A faint smile touched the girl's lips, a sorry little smile, edged with rueful reminiscence ... and strange comparisons. In silence she looked down into the shadowy temple courts where absurdly small-looking people were strolling to and fro, while Falconer stood looking down at her, with something akin to angry wonder in his adoring eyes.

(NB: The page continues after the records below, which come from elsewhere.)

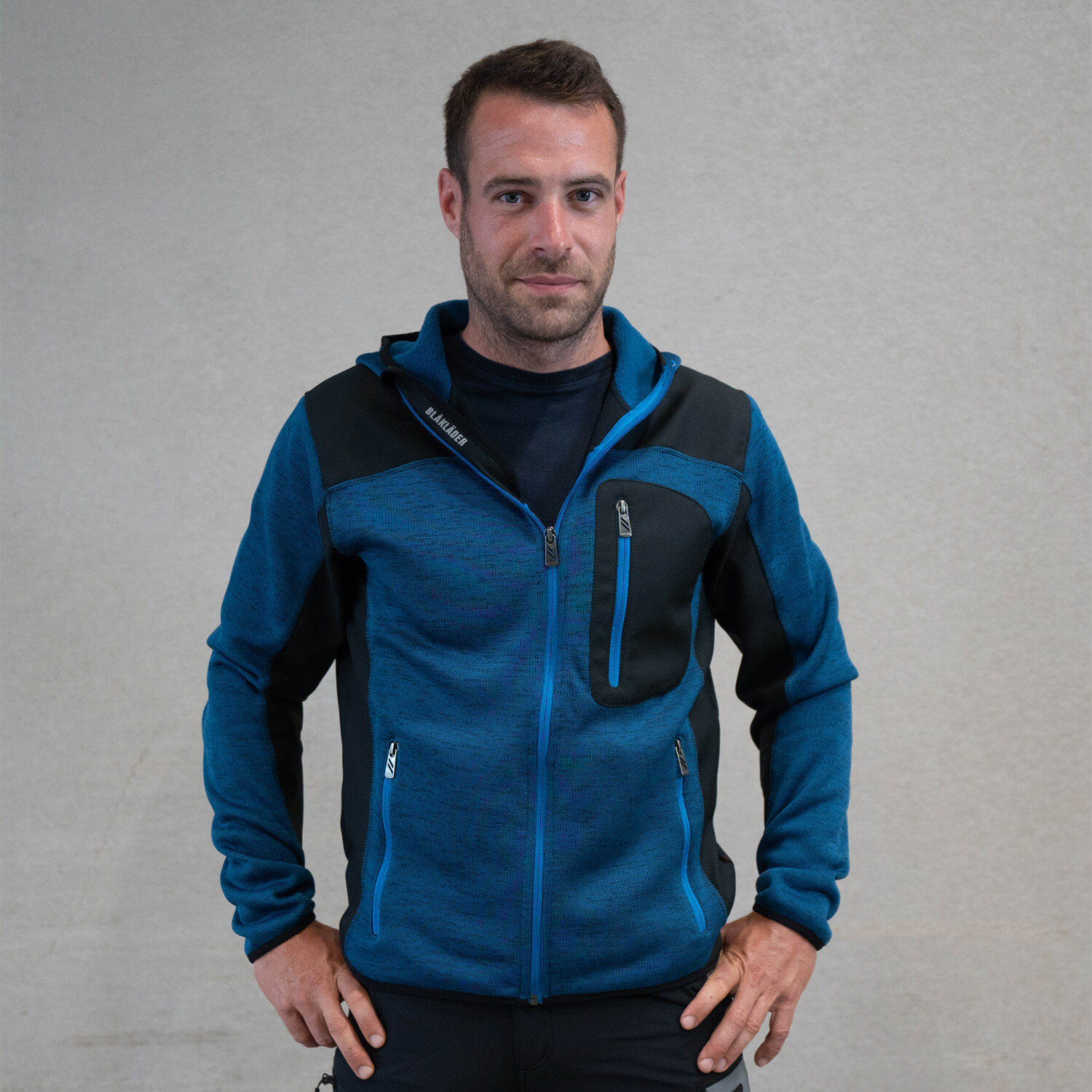 Strickjacke "4930" mit Softshell in marine/marine, L - Thumbnail 5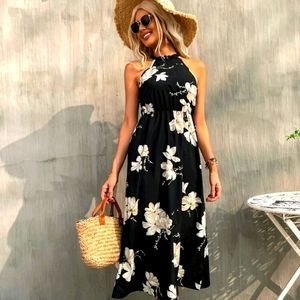 Floral Print Tie Back Halter Dress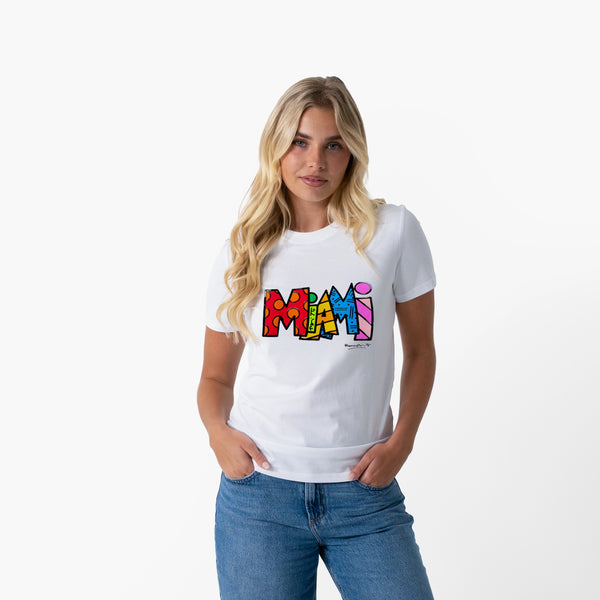 Miami White Britto T-Shirt For Women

"Why didn't you write to a chap?" he abruptly demanded.
"Why should I?"
"Then you meant to let it go at that?" He drew a sharp breath. "Just the way you flared off from that table—not a word more?"
"Why didn't you write?" the girl parried.
"I did," indignantly. "Twice—to Alexandria."
"Oh.... I didn't get them."
"I wrote, all right. I was so stirred up over that alarm of Hill's that I urged you to answer me at once. And when you didn't, and when I heard you had written the Evershams, well, I thought I knew what I had to think.... When I met you here Friday I half expected you to cut me, upon my word!"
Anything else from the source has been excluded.